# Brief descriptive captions
___

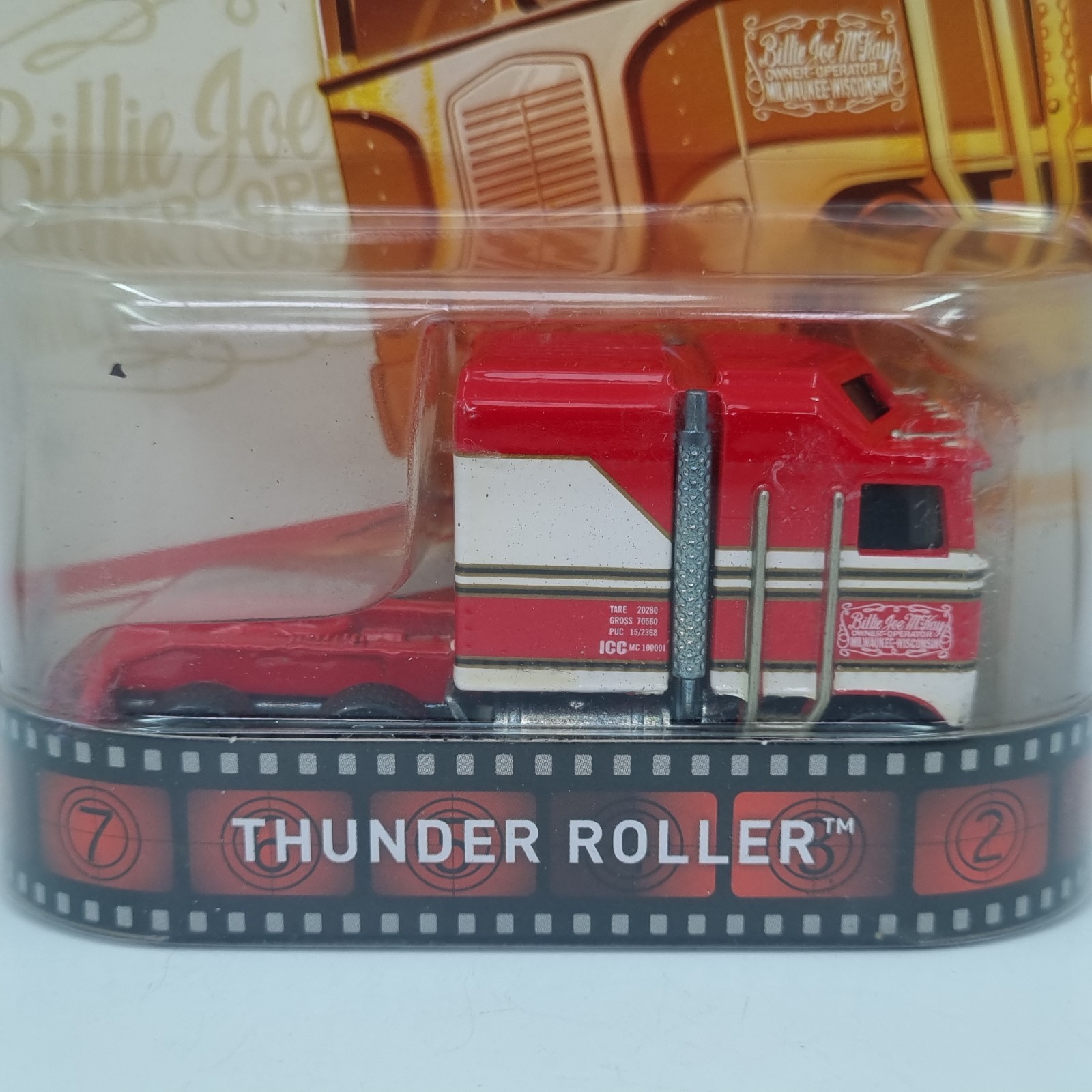 HOT WHEELS 2014 RETRO ENTERTAINMENT THUNDER ROLLER BJ AND THE BEAR W/ PROTECTOR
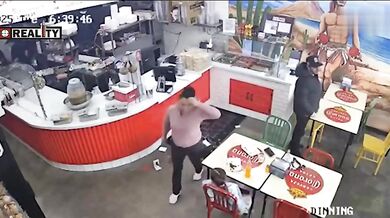 Zloději ukradli celou pokladnu z taco bistra v Bellflower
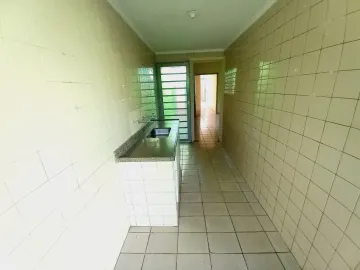 Alugar Casa / Padrão em Ribeirão Preto R$ 1.500,00 - Foto 2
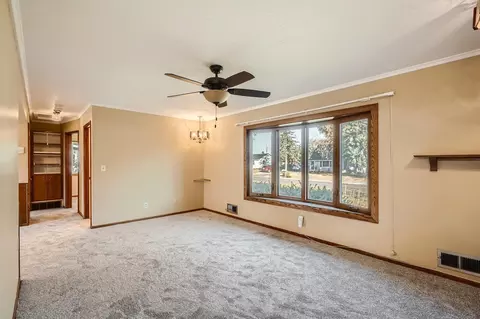 1438 Eldridge Ave E, Maplewood, MN 55109 photo 9
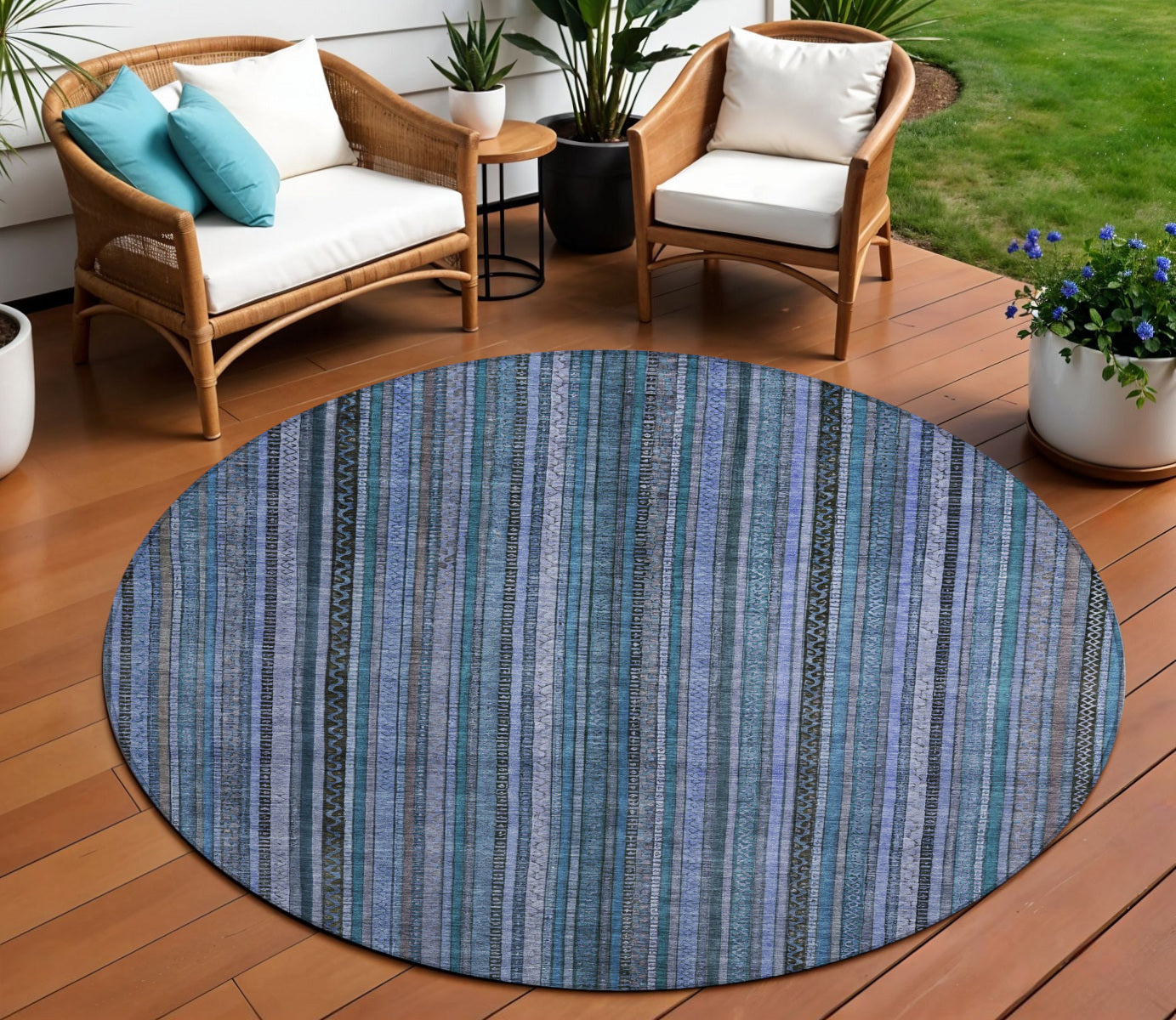 8 Blue Gray And Sky Blue Round Striped Washable Indoor Outdoor Area Rug
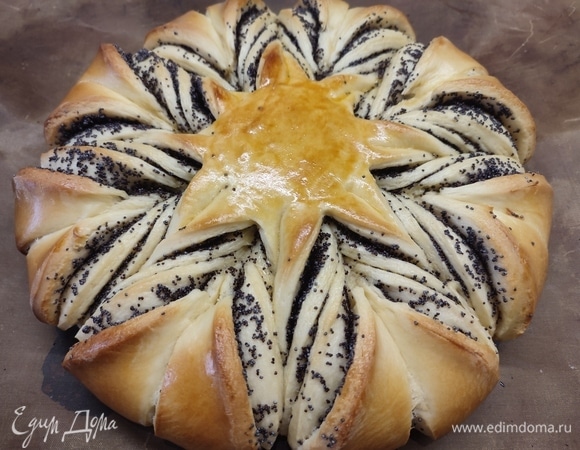 Готовому пирогу дать остыть на решетке.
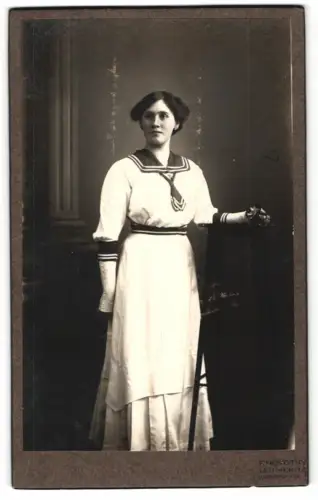Fotografie F. Novotny, Leitmeritz, Josefsgasse 3, Dame im Matrosen-Kleid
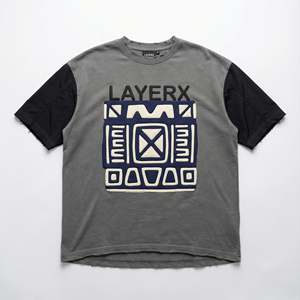 Camiseta de algodón 100% de 240 g/m² para mujer, personalizada al por mayor, con estampado 3D en relieve, logotipo bordado, efecto desgastado, corte holgado y patchwork. - Product Image 1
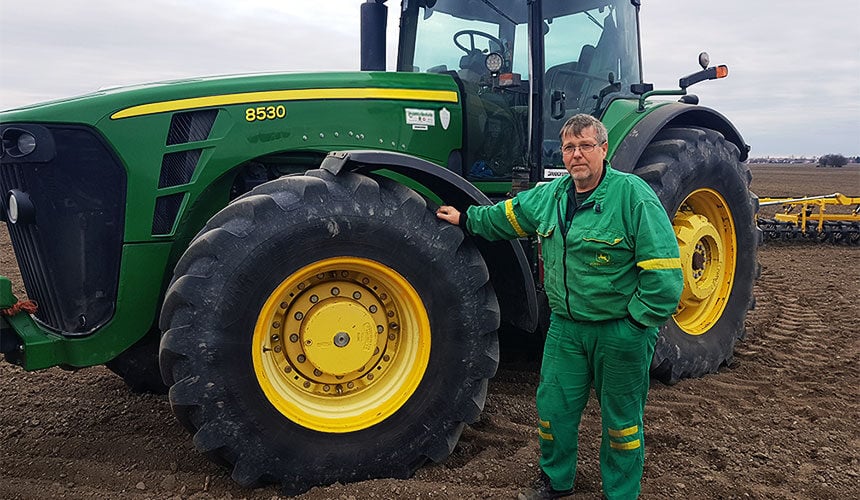 Tracteur John Deere 8530, équipé en pneus VX-TRACTOR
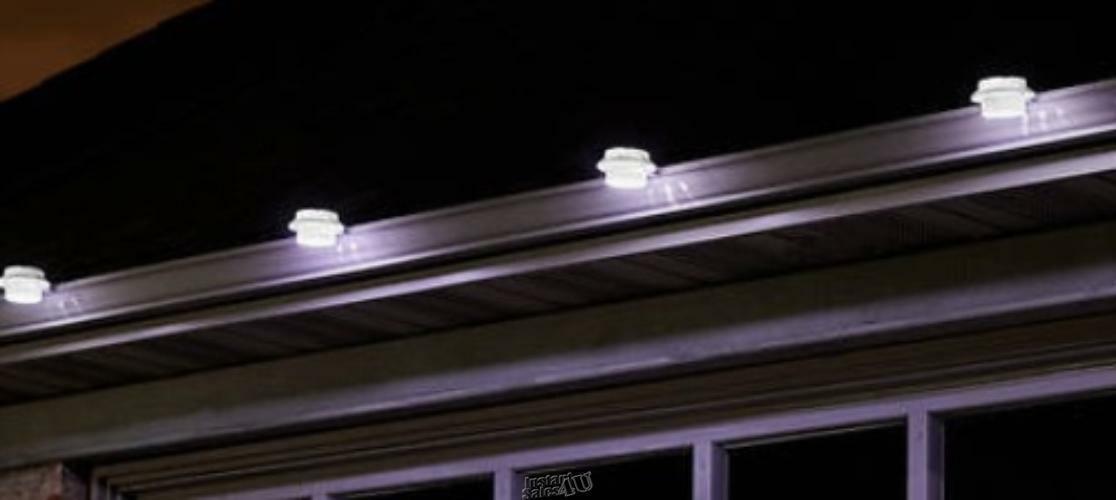 Primary image for Stoneberry-4-Pack Solar Gutter Lights 6.7"Lx4.7"Dx2.4"H Lights Turn on Automatic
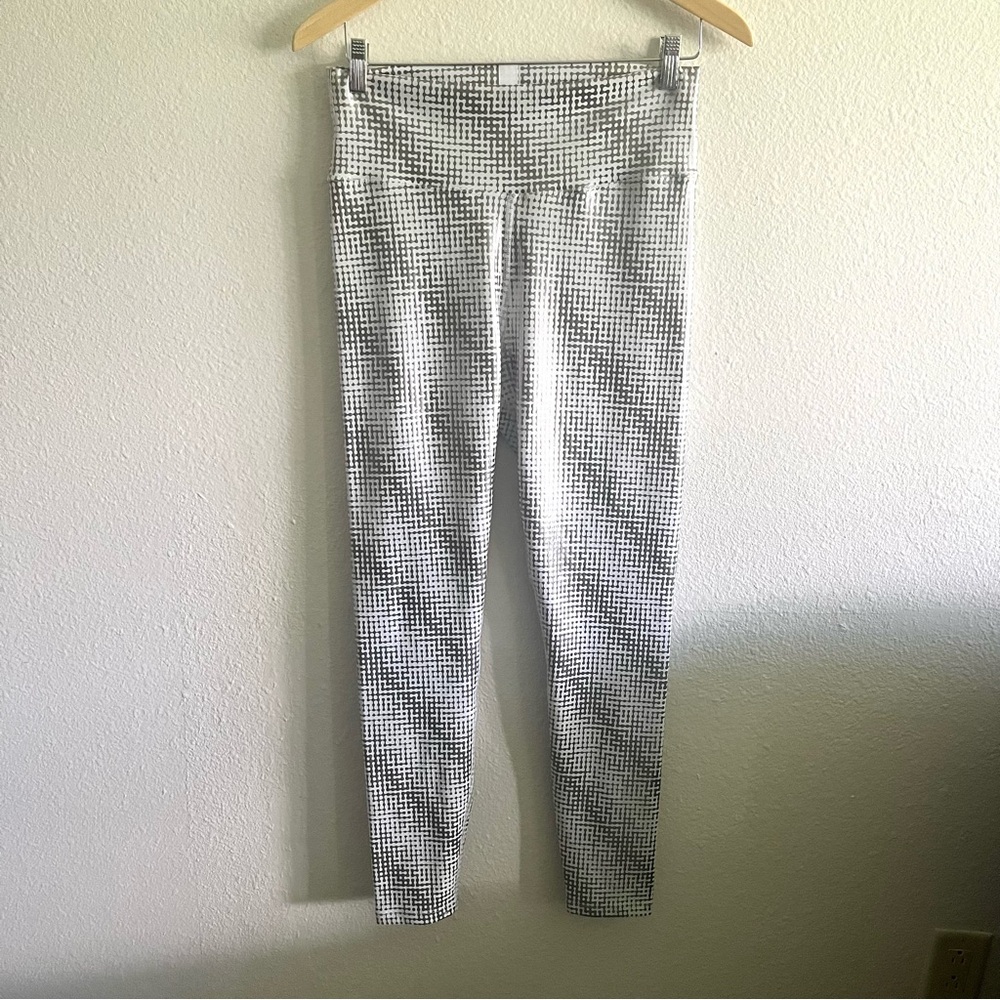 PELOTON Show Up Foil Printed Leggings XL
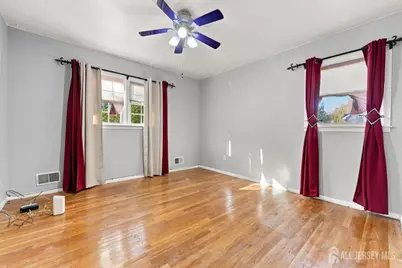 26 Chandler Road, Edison, NJ 08820 - Photo 11
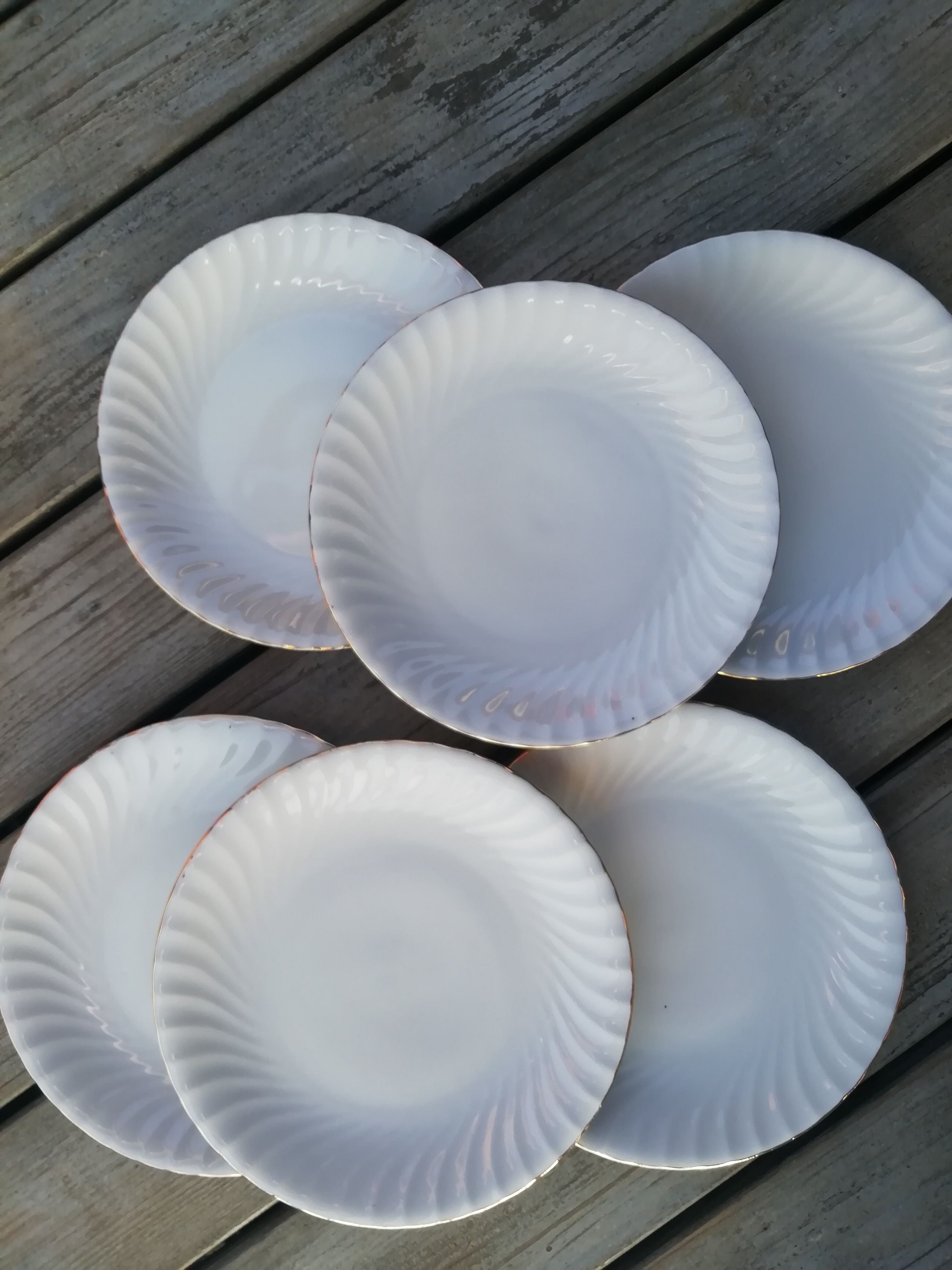 Lot of flat plates white porcelain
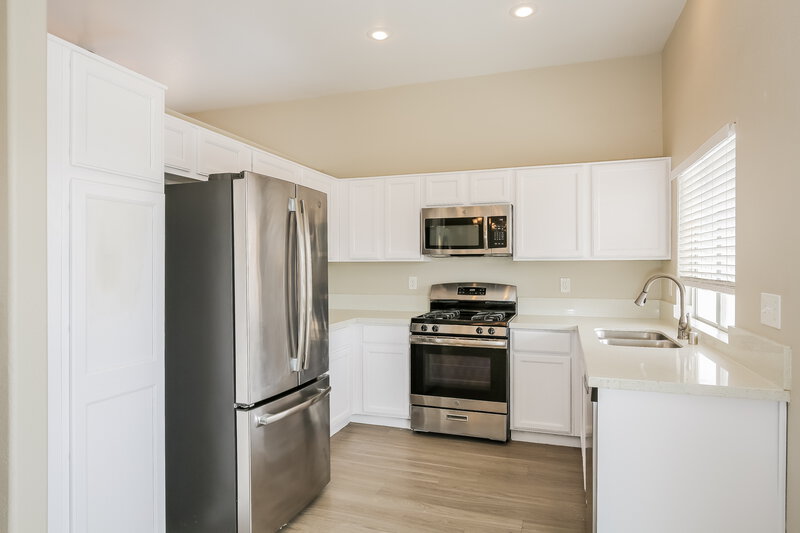 1,985/Mo, 3219 Panamint Ct North Las Vegas, NV 89032 Kitchen View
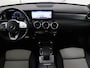Mercedes-Benz A-klasse 200 AMG | Two-Tone Leder | Stoelverwarming | Carplay | Camera | Navigatie | Park Assist | Full LED | Climate control | Cruise control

___

# Work item
Write out again only the lines from the line that contains "Lot of flat plates white porcelain" through the last line of the records, both ends included, without any of the pictures.

# Response to this exercise
 Lot of flat plates white porcelain
 1,985/Mo, 3219 Panamint Ct North Las Vegas, NV 89032 Kitchen View
Mercedes-Benz A-klasse 200 AMG | Two-Tone Leder | Stoelverwarming | Carplay | Camera | Navigatie | Park Assist | Full LED | Climate control | Cruise control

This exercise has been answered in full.